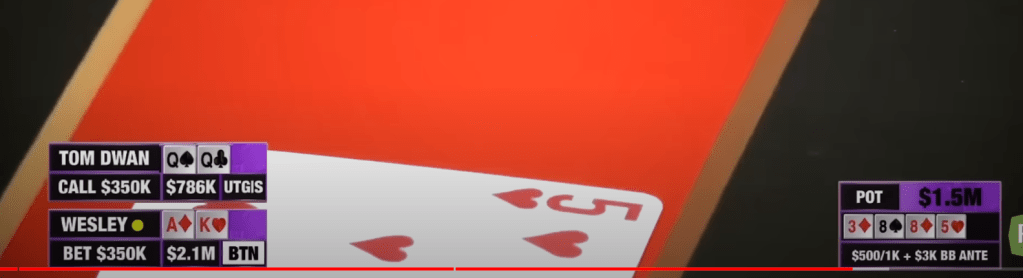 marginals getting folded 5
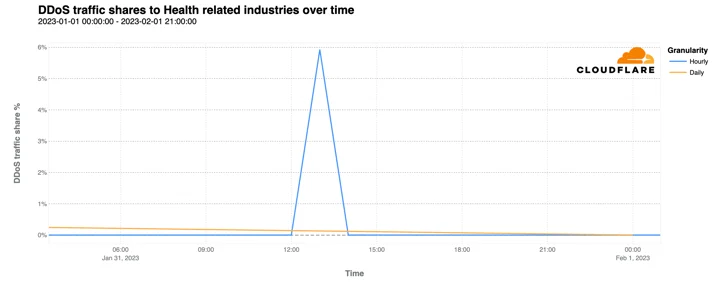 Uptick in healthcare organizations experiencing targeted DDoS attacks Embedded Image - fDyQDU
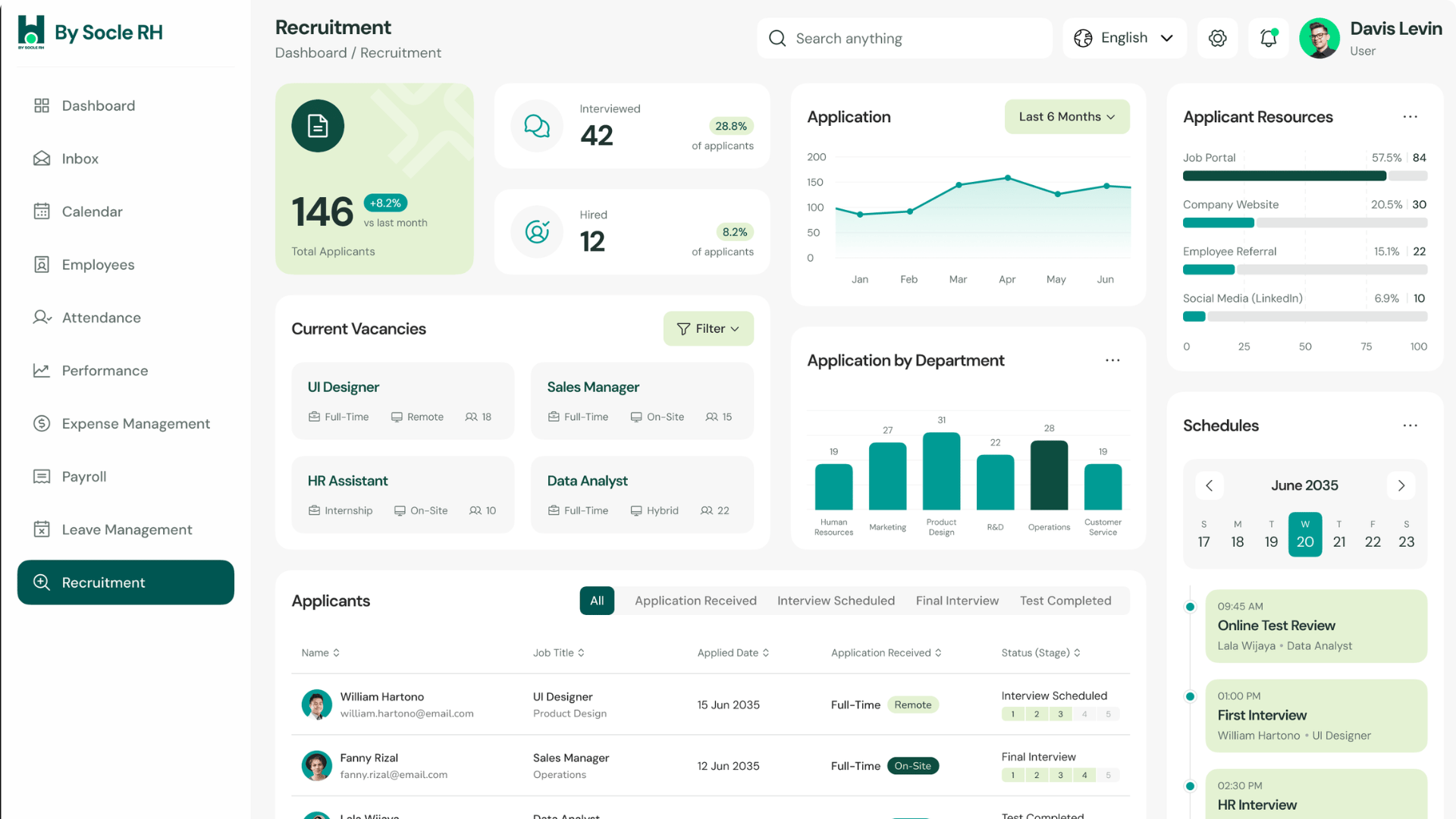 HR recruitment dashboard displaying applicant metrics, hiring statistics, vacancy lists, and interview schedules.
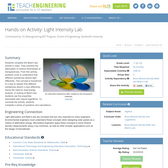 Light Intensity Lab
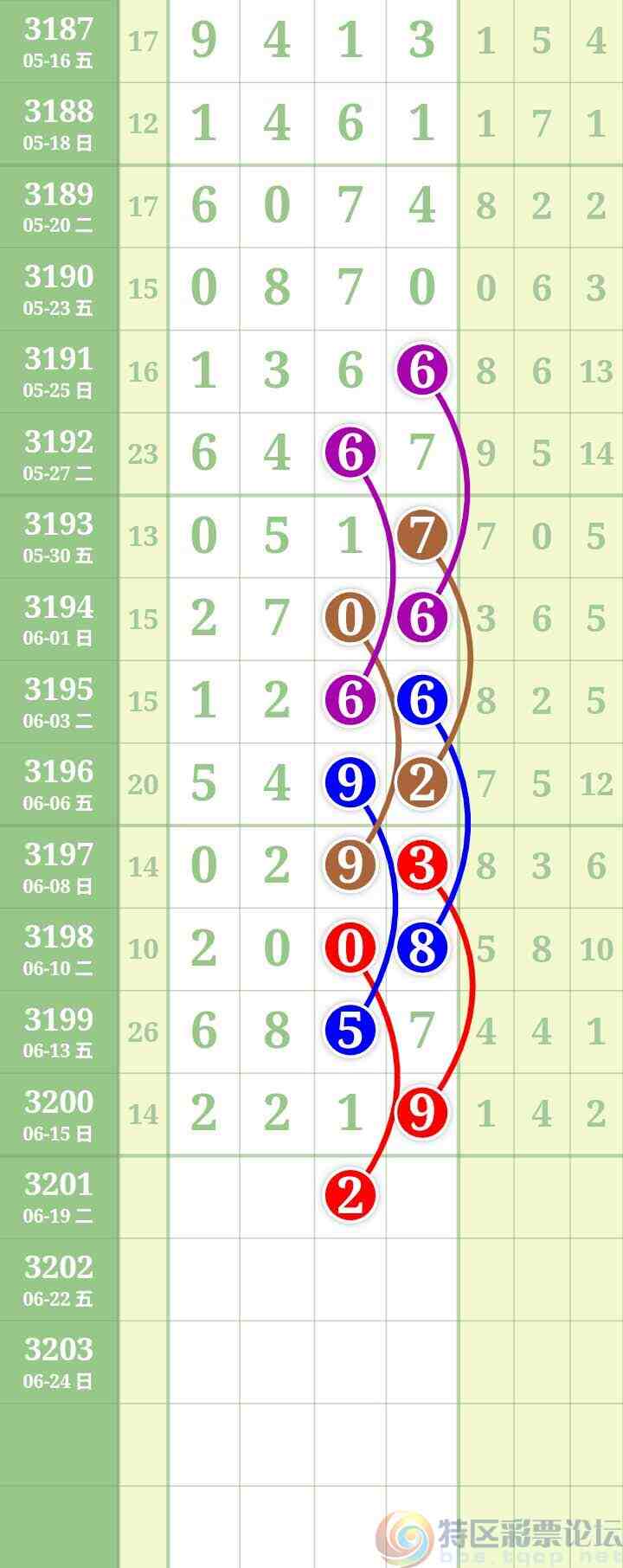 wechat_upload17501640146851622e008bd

...

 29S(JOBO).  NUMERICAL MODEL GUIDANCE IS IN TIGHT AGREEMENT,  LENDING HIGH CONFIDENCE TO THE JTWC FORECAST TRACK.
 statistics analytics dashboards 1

==

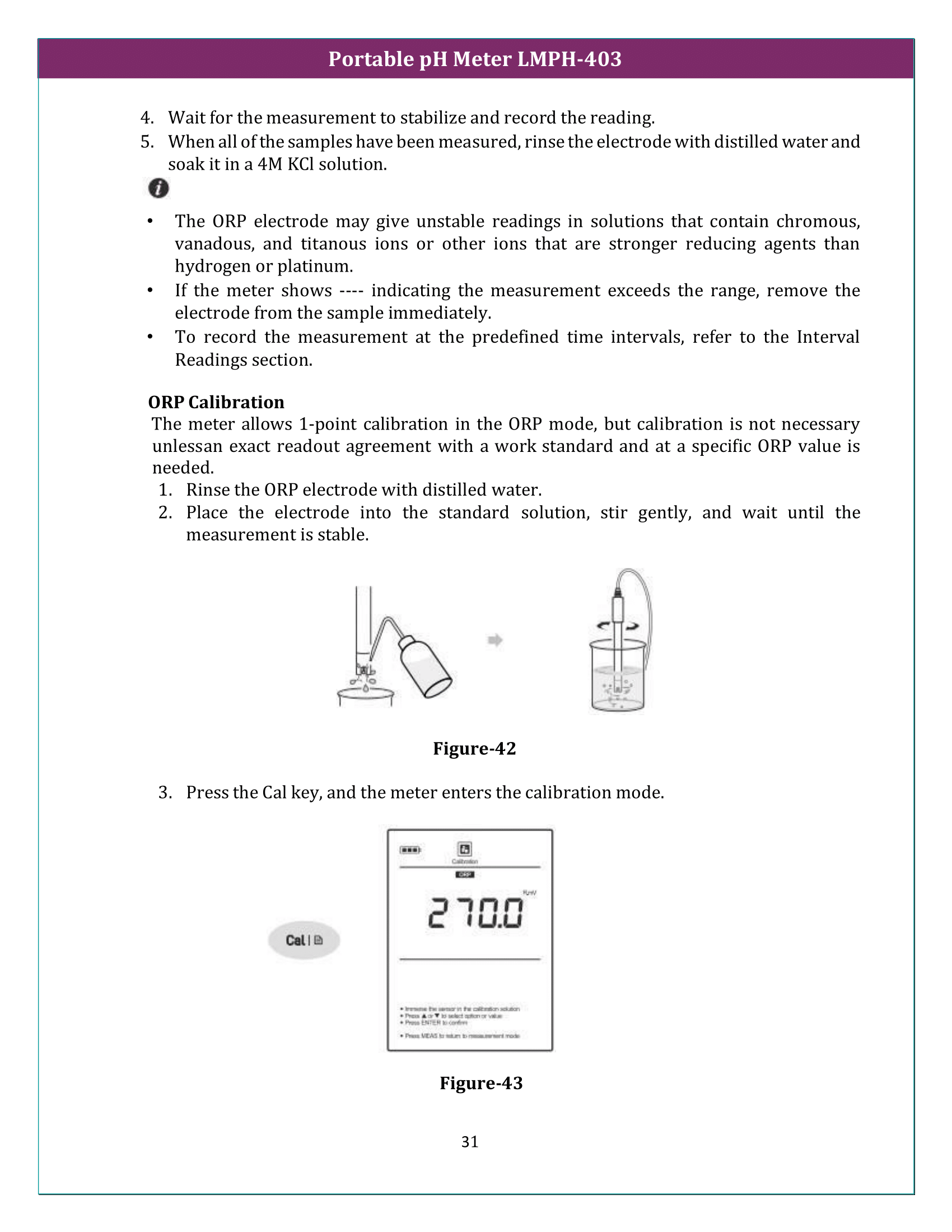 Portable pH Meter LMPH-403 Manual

Task prompt: In the records above, find the line containing "HR recruitment dashboard" and the line containing "wechat_upload17501640146851622e008bd", then give both of them again word for word along with every line between. Omit any pictures.

Finished task:
 HR recruitment dashboard displaying applicant metrics, hiring statistics, vacancy lists, and interview schedules.
 Light Intensity Lab
 wechat_upload17501640146851622e008bd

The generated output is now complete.